The dataset during the training process corresponds to the train dataset.

1. Find a Schema#

The first step consist in finding each feature type and their associated preprocessor. You can find a list of available Feature in the API reference.

Warning

For security issue, we do not allow arbitrary code to be executed in the framework yet. Therefore, with StandardDataset, your preprocessing must come from a list of trusted preprocessors.

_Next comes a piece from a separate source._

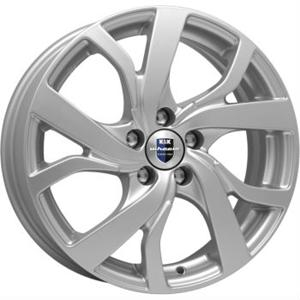 

Диск 6.5x16 5x105 ET39.0 D56.6 КиК Палермо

Xpdeep currently support scikit-learn and pytorch preprocessing to be used to build your preprocessor.

With the Auto Analyzer#

With a dataset object, you can get a first schema proposal using analyze method of ParquetDataset object instance.

Set the Target(s)#

The only requirement is to indicate which feature(s) should be considered as target(s).

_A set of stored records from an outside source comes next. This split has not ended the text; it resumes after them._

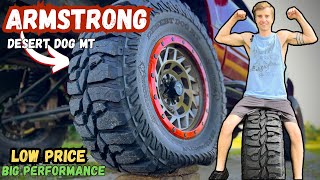 The BEST Offroad Tire That Youve NEVER Heard Of [upl. by Atenahs315]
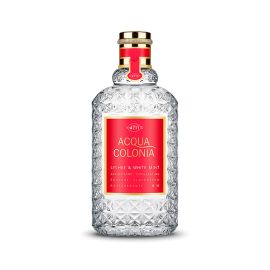 4711 Acqua Colonia Lychee & White Mint 170ml – Esotica Freschezza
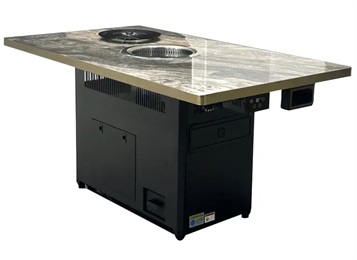 韓式無煙烤肉桌｜自助烤肉（ròu）餐廳（tīng）專用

Please use target_names parameter to specify which features should be considered as targets prior to the analysis.

analyzed_train_dataset = train_dataset.analyze(target_names=["flower_type"])
👀 Full file preview
"""Create a schema."""

import pyarrow as pa
import pyarrow.parquet as pq
from sklearn.preprocessing import StandardScaler

import xpdeep
from xpdeep import Project
from xpdeep.dataset.feature import ExplainableFeature
from xpdeep.dataset.feature.feature_types import NumericalFeature
from xpdeep.dataset.parquet_dataset import ParquetDataset
from xpdeep.dataset.preprocessor.preprocessor import SklearnPreprocessor

demo = {"api_key": "your_api_key", "api_url": "your_api_url"}
xpdeep.init(**demo)

xpdeep.set_project(Project.create_or_get(name="toy dataset example", description="tutorial"))

# Create a Dataset

S3_DATASET_ENDPOINT_URL = "S3_DATASET_ENDPOINT_URL"
S3_DATASET_ACCESS_KEY_ID = "S3_DATASET_ACCESS_KEY_ID"
S3_DATASET_SECRET_ACCESS_KEY = "S3_DATASET_SECRET_ACCESS_KEY"
S3_DATASET_BUCKET_NAME = "S3_DATASET_BUCKET_NAME"

raw_data = pa.table({
    "petal_length": [1.4, 1.5, 1.3, 4.5, 4.1, 5.0, 6.0, 5.5],
    "petal_width": [0.2, 0.2, 0.2, 1.5, 1.3, 1.8, 2.5, 2.3],
    "flower_type": ["Setosa", "Setosa", "Setosa", "Versicolor", "Versicolor", "Versicolor", "Virginica", "Virginica"],
})

# Write the table to a Parquet file
pq.write_table(raw_data, "train.parquet")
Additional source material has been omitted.